> _WHAT THE TASK ASKS_
No pictures, please. Copy exactly the lines from the one with "In this lecture, we" through the final line below.

> _STORED DATA_

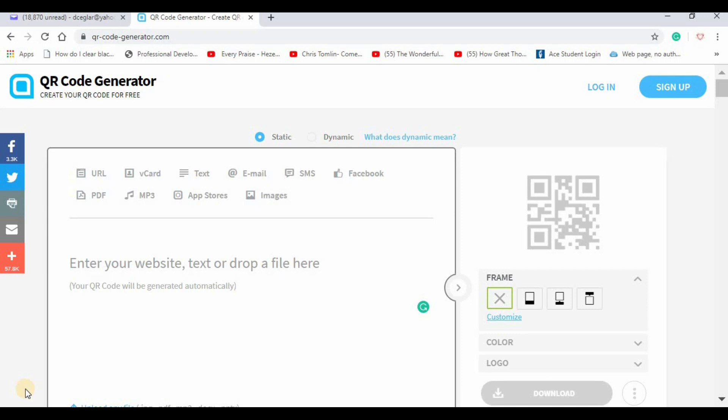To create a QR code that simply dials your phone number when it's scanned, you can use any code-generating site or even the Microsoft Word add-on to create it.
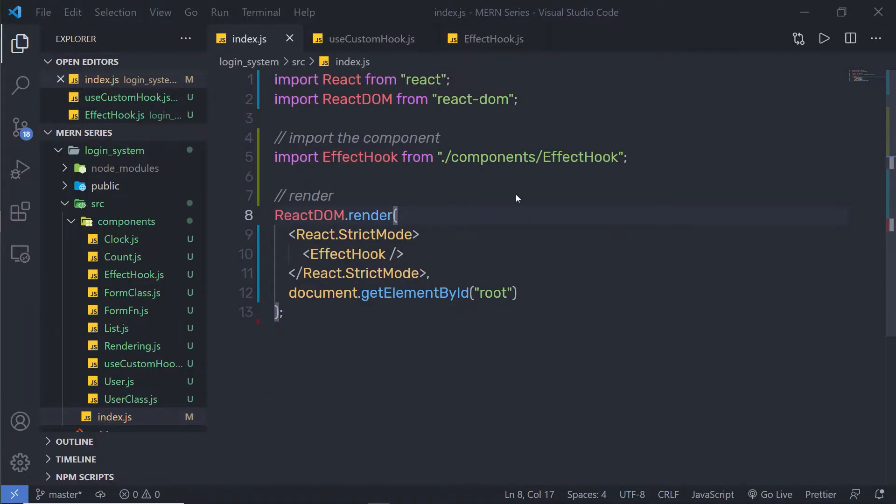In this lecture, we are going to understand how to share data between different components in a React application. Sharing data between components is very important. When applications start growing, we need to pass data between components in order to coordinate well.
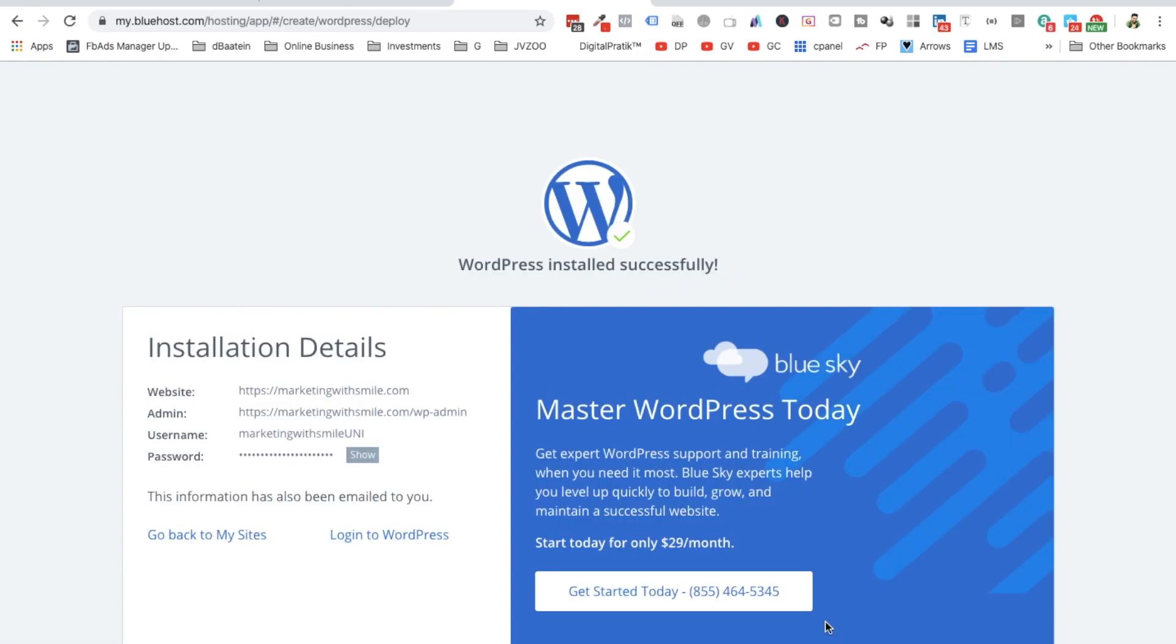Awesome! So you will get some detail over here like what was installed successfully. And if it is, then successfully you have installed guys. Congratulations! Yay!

> _RESPONSE FOR THIS EXERCISE_
In this lecture, we are going to understand how to share data between different components in a React application. Sharing data between components is very important. When applications start growing, we need to pass data between components in order to coordinate well.
Awesome! So you will get some detail over here like what was installed successfully. And if it is, then successfully you have installed guys. Congratulations! Yay!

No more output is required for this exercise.